# [Exercise details]
Without the pictures, set down everything in the listing exactly.

# [Supplied material]

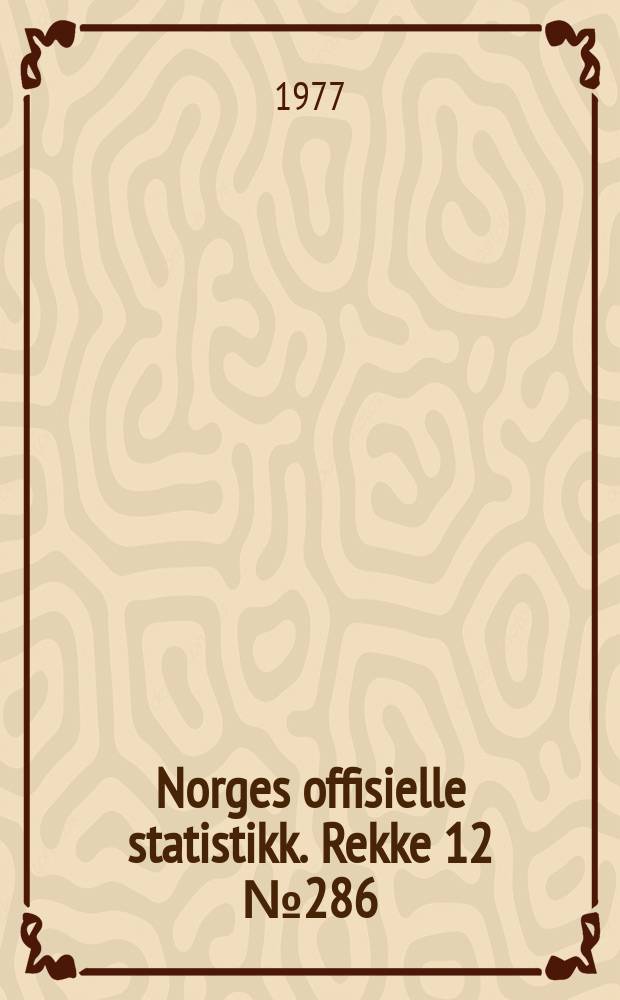 Norges offisielle statistikk. Rekke 12 № 286
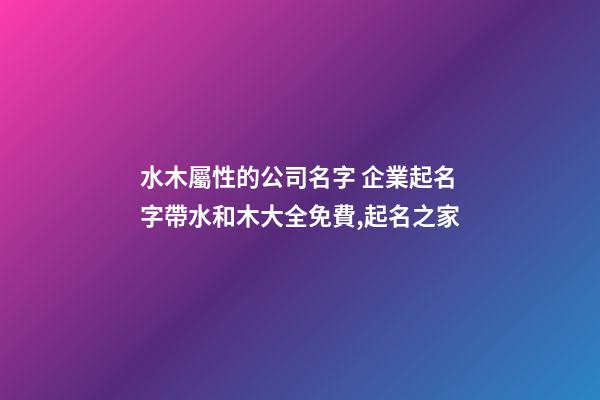 水木屬性的公司名字 企業起名字帶水和木大全免費,起名之家-第1張-公司起名-玄機派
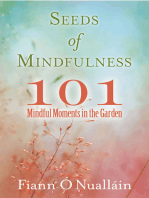Seeds of Mindfulness: 101 Mindful Moments in the Garden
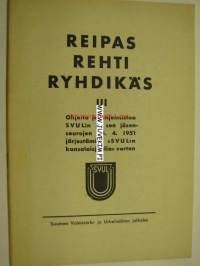 Reipas rehti ryhdikäs III Ohjeita ja ohjelmistoa SVUL:n kansalaisjuhlia varten 1951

# [Output for this exercise]
 Norges offisielle statistikk. Rekke 12 № 286
 水木屬性的公司名字 企業起名字帶水和木大全免費,起名之家-第1張-公司起名-玄機派
Seeds of Mindfulness: 101 Mindful Moments in the Garden
 Reipas rehti ryhdikäs III Ohjeita ja ohjelmistoa SVUL:n kansalaisjuhlia varten 1951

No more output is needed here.